(TASK DETAILS)
Up to and including the line with "Purchase a Private", write out the listing from its first line, minus the pictures.

-------------------------

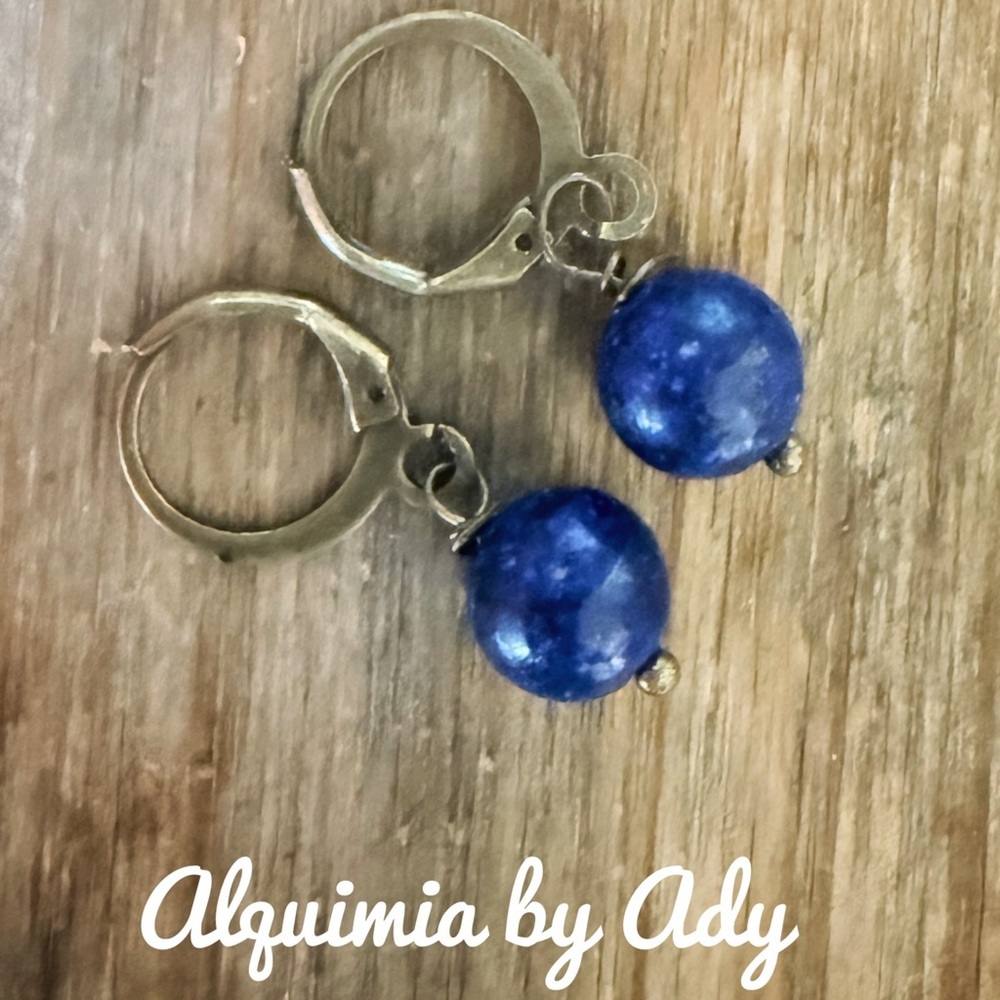 Simple lapis rustic earrings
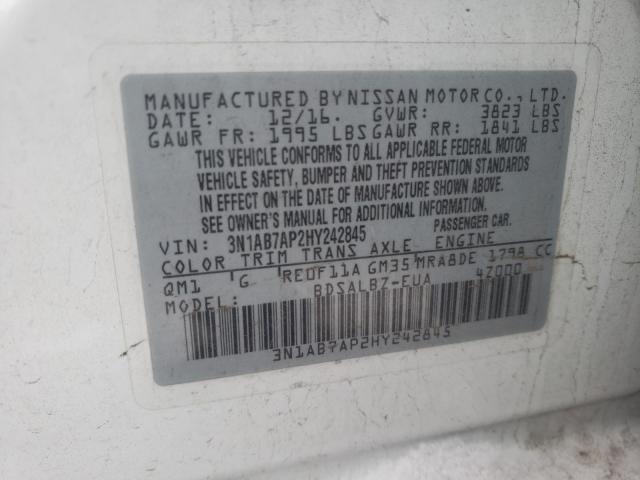 Photo 9 VIN: 3N1AB7AP2HY242845 - NISSAN SENTRA S 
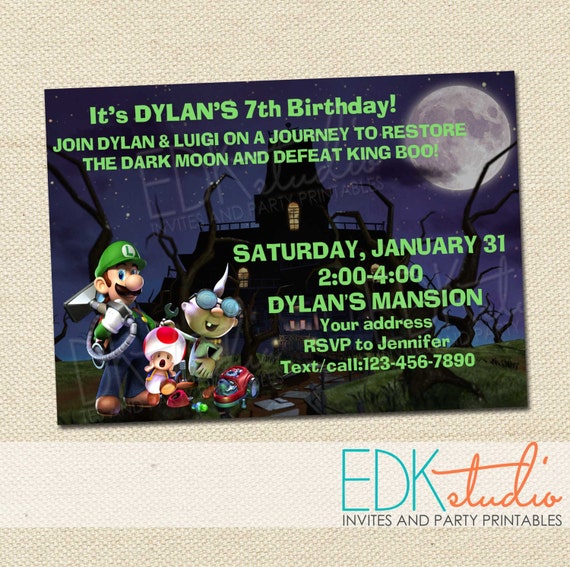 Luigi S Mansion Invitation Super Mario Birthday Luigi Etsy Luigi S Mansion Invitation Super Mario Birthday Luigi Etsy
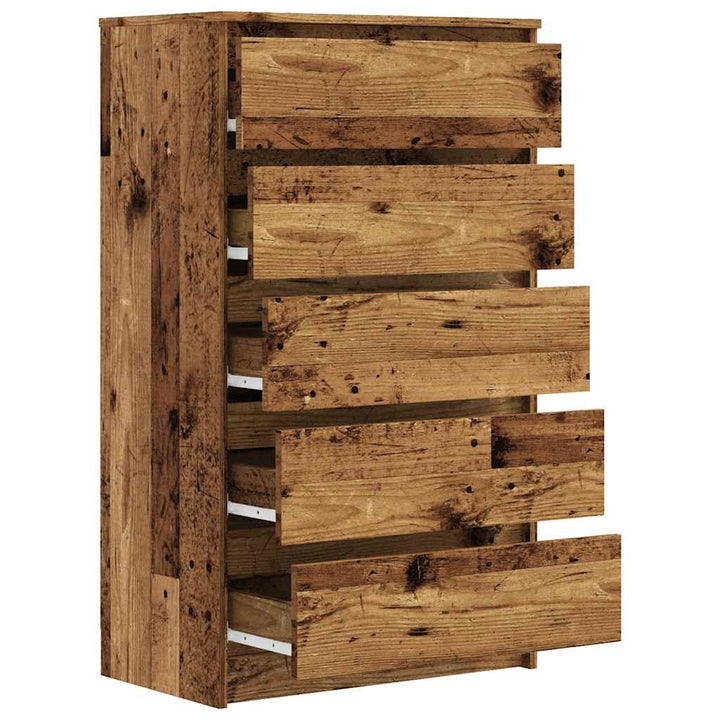 kommode 60x36x103 cm konstrueret træ antikt trælook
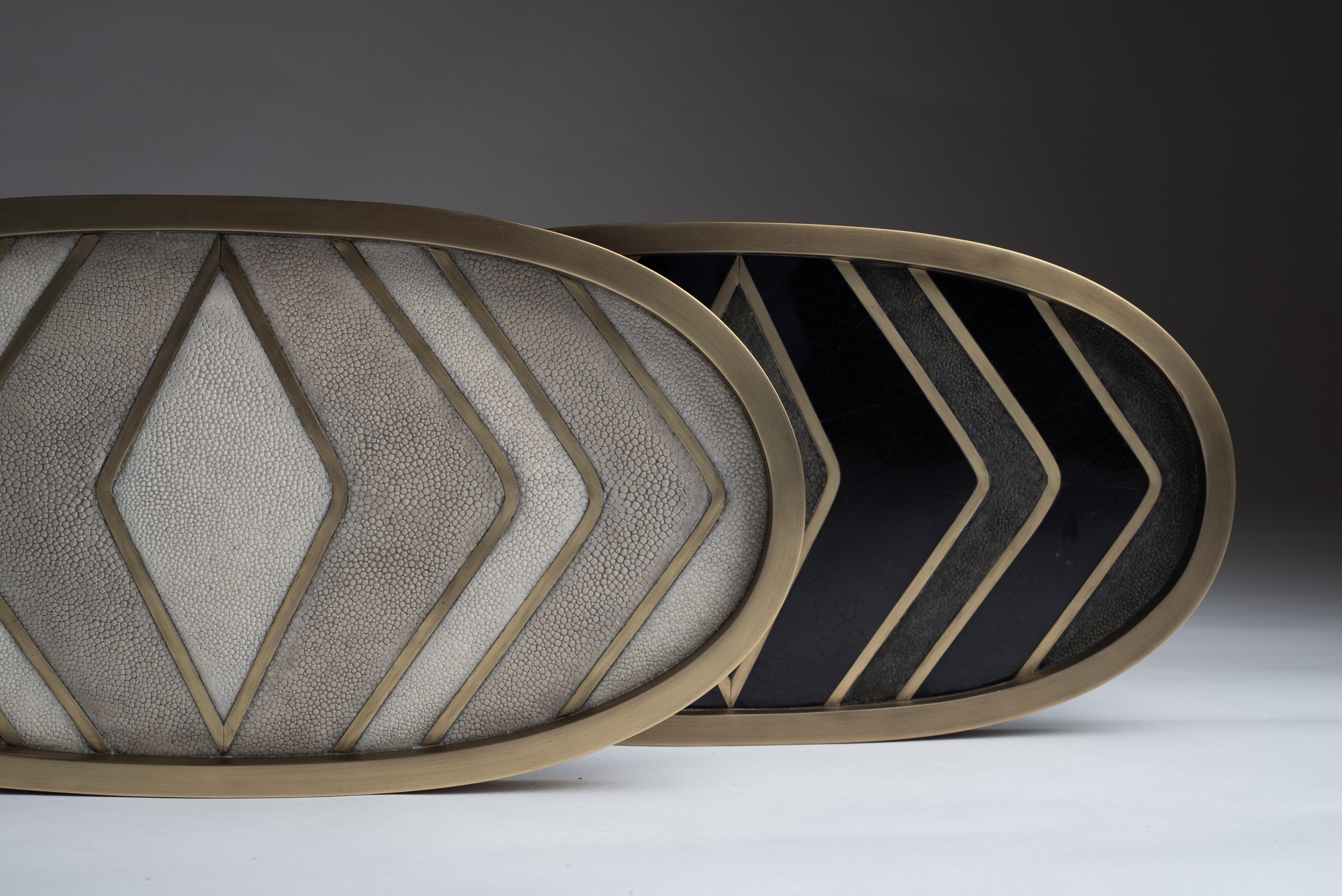 Oval Tray in Cream Shagreen and Brass by Kifu, Paris 1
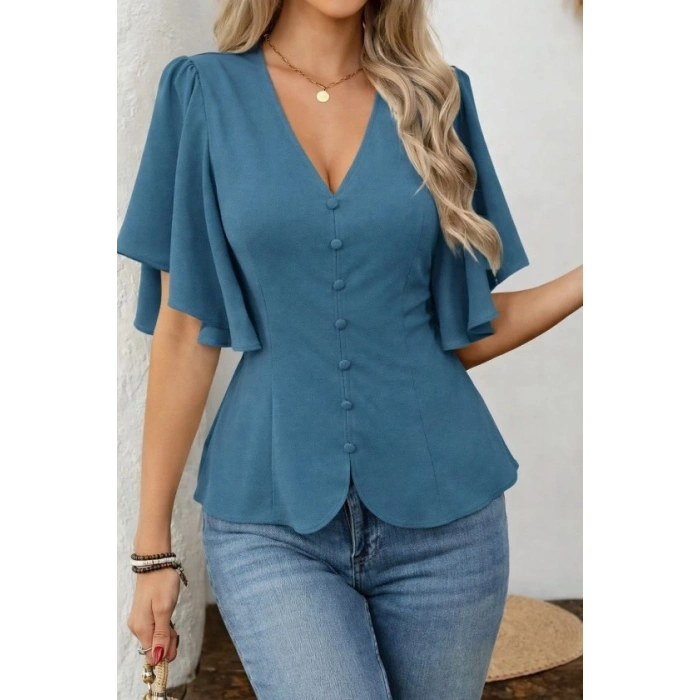 MARSiLYAN- Kadın Kısa Kollu önden Düğmeli Ithal Krep Bluz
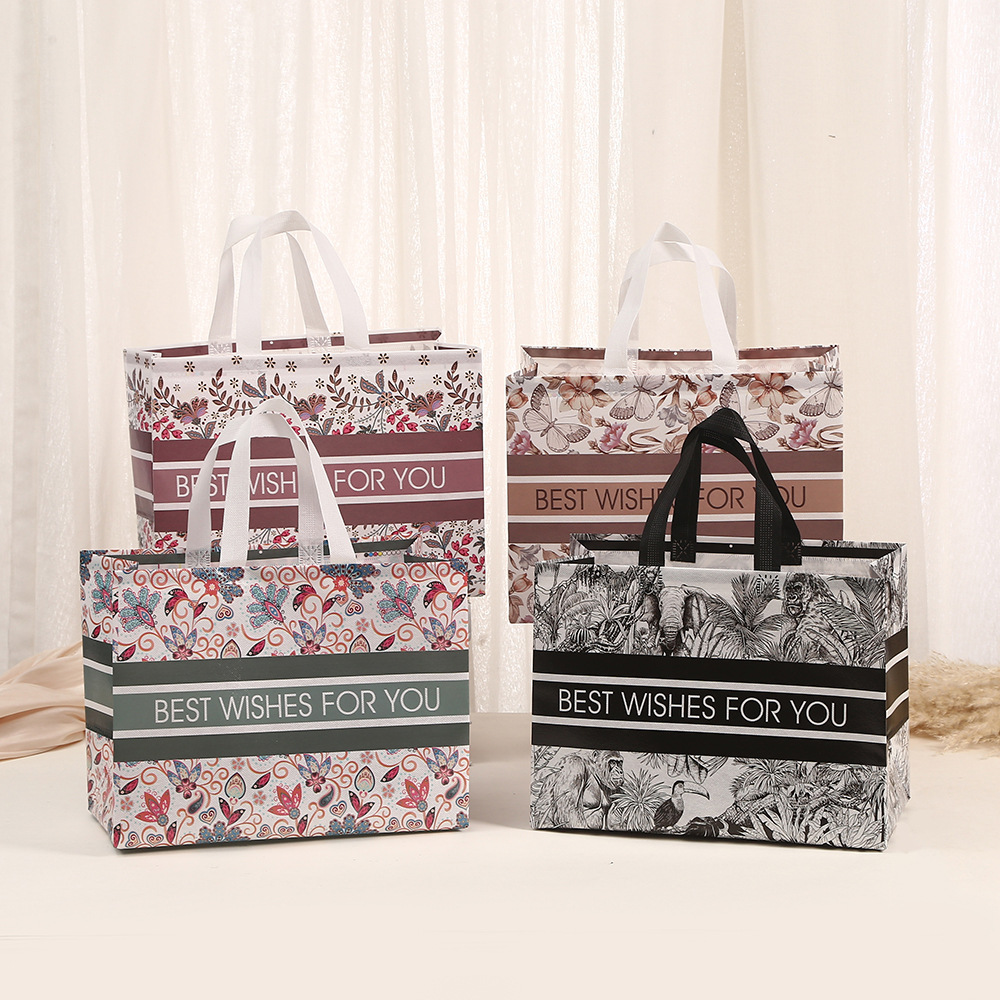 花朵文字包装袋礼品袋批发甜点手提袋防水外卖袋子购物袋无纺布袋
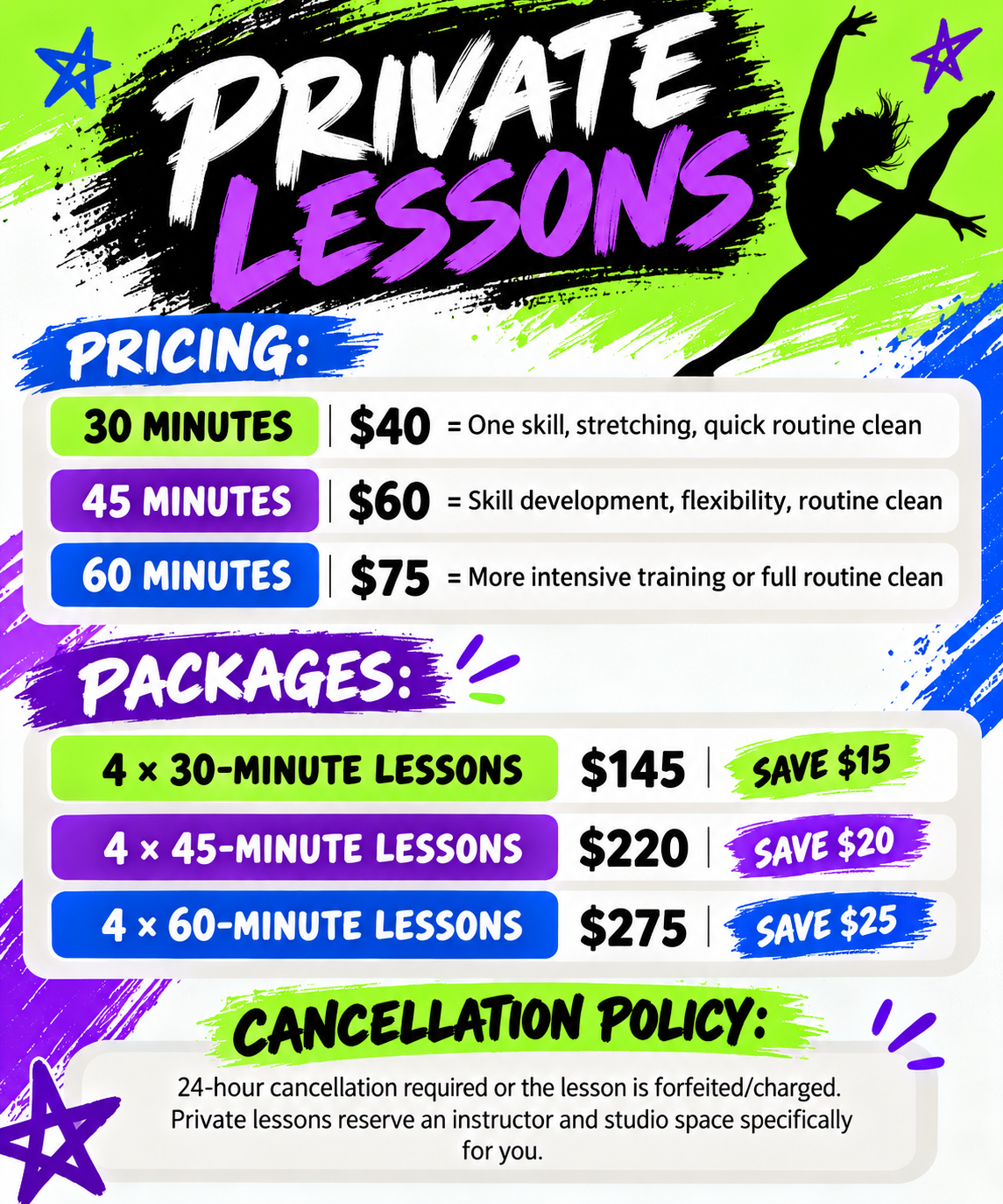 Purchase a Private Lesson or Private Lesson Package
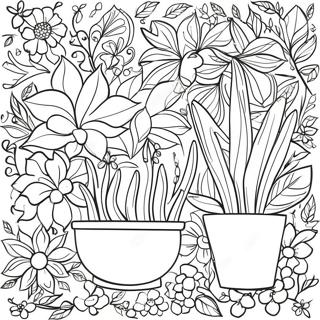 Pagina Para Colorir Adulto Com Tema De Plantas 13027-10821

-------------------------

(ANSWER TO THIS PROBLEM)
 Simple lapis rustic earrings
 Photo 9 VIN: 3N1AB7AP2HY242845 - NISSAN SENTRA S 
 Luigi S Mansion Invitation Super Mario Birthday Luigi Etsy Luigi S Mansion Invitation Super Mario Birthday Luigi Etsy
 kommode 60x36x103 cm konstrueret træ antikt trælook
 Oval Tray in Cream Shagreen and Brass by Kifu, Paris 1
 MARSiLYAN- Kadın Kısa Kollu önden Düğmeli Ithal Krep Bluz
 花朵文字包装袋礼品袋批发甜点手提袋防水外卖袋子购物袋无纺布袋
 Purchase a Private Lesson or Private Lesson Package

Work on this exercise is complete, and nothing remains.